Only the opening lines of the listing, through the one with "Welding Parameters", are to be retyped, each exactly as it stands.

____

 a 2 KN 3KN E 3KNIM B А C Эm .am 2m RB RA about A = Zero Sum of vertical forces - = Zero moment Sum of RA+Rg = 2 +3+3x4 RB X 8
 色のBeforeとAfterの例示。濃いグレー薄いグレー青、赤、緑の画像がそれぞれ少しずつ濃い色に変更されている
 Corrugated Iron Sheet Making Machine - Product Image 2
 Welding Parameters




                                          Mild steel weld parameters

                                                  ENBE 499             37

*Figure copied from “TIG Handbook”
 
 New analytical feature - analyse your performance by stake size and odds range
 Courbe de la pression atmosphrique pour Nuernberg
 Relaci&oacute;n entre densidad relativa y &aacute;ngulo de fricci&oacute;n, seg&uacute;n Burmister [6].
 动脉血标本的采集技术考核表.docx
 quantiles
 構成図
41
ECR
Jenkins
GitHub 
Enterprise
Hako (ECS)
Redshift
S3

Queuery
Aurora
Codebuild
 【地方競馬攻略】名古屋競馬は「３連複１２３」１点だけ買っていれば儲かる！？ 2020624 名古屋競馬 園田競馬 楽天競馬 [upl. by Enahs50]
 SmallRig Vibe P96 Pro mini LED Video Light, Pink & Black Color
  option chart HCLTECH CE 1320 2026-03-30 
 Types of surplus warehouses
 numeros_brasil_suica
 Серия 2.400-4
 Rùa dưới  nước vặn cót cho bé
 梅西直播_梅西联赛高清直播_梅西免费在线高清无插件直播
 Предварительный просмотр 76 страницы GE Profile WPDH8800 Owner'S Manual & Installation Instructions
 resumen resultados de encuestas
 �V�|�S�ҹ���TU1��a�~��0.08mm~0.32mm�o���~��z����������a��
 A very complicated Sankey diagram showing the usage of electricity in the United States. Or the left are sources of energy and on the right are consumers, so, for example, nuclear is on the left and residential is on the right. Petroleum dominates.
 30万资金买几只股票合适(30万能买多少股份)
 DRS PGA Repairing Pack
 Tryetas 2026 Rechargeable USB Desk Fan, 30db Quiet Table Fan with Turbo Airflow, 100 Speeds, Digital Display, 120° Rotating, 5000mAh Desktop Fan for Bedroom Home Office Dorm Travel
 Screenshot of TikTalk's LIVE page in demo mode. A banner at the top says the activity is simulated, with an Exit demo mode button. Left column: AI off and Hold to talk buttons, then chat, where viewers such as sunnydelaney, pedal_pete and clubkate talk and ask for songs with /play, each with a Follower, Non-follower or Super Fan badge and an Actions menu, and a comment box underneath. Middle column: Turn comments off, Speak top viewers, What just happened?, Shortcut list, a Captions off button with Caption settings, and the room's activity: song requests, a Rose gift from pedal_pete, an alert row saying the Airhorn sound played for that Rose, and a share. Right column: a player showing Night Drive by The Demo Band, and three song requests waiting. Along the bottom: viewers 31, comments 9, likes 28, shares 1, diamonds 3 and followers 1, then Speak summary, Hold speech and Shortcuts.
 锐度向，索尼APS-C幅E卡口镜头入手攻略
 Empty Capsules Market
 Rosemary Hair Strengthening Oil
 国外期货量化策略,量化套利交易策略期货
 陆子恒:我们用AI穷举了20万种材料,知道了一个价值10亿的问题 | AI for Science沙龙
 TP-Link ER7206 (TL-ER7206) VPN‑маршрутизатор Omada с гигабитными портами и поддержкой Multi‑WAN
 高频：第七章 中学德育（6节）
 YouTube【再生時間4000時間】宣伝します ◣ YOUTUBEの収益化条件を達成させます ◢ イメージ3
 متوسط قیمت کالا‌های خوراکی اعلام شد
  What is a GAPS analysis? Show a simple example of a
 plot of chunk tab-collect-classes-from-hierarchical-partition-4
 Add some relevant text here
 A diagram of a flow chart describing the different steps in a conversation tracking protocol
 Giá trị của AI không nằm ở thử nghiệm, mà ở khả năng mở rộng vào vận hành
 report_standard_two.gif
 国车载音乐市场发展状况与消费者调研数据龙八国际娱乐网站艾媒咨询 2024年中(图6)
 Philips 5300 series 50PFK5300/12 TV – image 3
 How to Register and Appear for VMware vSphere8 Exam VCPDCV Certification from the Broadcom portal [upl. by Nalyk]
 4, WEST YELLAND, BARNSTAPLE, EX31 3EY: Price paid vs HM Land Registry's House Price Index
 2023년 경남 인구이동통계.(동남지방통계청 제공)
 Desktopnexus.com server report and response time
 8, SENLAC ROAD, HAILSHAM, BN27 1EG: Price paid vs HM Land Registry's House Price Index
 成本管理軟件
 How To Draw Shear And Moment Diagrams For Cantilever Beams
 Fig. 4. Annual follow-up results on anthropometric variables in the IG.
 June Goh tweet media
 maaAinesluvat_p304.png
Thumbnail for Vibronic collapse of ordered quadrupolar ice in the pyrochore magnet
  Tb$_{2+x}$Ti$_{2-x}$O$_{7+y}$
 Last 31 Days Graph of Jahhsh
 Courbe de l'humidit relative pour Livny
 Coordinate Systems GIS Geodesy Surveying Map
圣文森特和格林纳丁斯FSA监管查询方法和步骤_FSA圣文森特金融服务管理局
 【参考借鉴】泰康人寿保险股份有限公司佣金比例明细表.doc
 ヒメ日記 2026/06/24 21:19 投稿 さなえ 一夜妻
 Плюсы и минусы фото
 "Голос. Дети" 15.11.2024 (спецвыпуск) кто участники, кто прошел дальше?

____

Reply to the exercise:
 a 2 KN 3KN E 3KNIM B А C Эm .am 2m RB RA about A = Zero Sum of vertical forces - = Zero moment Sum of RA+Rg = 2 +3+3x4 RB X 8
 色のBeforeとAfterの例示。濃いグレー薄いグレー青、赤、緑の画像がそれぞれ少しずつ濃い色に変更されている
 Corrugated Iron Sheet Making Machine - Product Image 2
 Welding Parameters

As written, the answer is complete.